Recently, one of the most disturbing child custody cases in American legal history took place. A rapist was awarded joint custody of the child he fathered when he raped a 12 year old girl. This is exactly the kind of nightmare scenario that Zitomer Law works hard to help its clients avoid.
The bizarre case took place nine years ago in 2008. A 12 year old girl snuck out of her home to meet with friends, and was kidnapped by a then 18 year old man named Mirasolo. The girl was held for two days in an abandoned home and was repeatedly sexually assaulted. Upon release, she was found pregnant, but decided to keep the child. Mirasolo was later arrested, but only served six and a half months in jail by plea bargaining to a less severe charge to avoid a lengthy jail sentence. After he was out, however, he raped another woman, only to serve a four year sentence in jail for that crime.

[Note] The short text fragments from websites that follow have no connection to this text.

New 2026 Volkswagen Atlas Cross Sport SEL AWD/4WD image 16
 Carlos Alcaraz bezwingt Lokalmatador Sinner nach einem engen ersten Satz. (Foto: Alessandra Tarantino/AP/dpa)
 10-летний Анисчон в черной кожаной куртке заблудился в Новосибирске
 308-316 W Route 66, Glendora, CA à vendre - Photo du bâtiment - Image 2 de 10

Now, despite the fact that the mother and her child now live in Florida, a Michigan judge has determined through a DNA test that not only is Mirasolo the rightful legal parent of the child, he is granted full access to the victim's address, joint custody of the child, and the woman and her child are now required to move back to Michigan and stay within at least 100 miles radius of the father.
Perhaps the most bizarre part of this legal nightmare is just how many victim's rights this Michigan judge has ignored. The mother had no consent in having Mirasolo's name ordered to be put on the child's birth certificate as father. Nor did she have any consent about Mirasolo being given her address, nor is her consent required for being forced to relocate back to Michigan.
The judge did all this without any agency from the mother. Even the father, Mirasolo, apparently did not take any actions to determine parentage or ask for joint custody, all of these actions have been taken at the sole discretion of the Michigan judge.
Perhaps the most upsetting question in this child custody case is, "Is this even legal?" The answer is complicated, but even in the state of Pennsylvania, the answer is "yes," but only under certain circumstances. As to be expected, the ruling of the judge in this case is being challenged, and we can only hope that reversal occurs.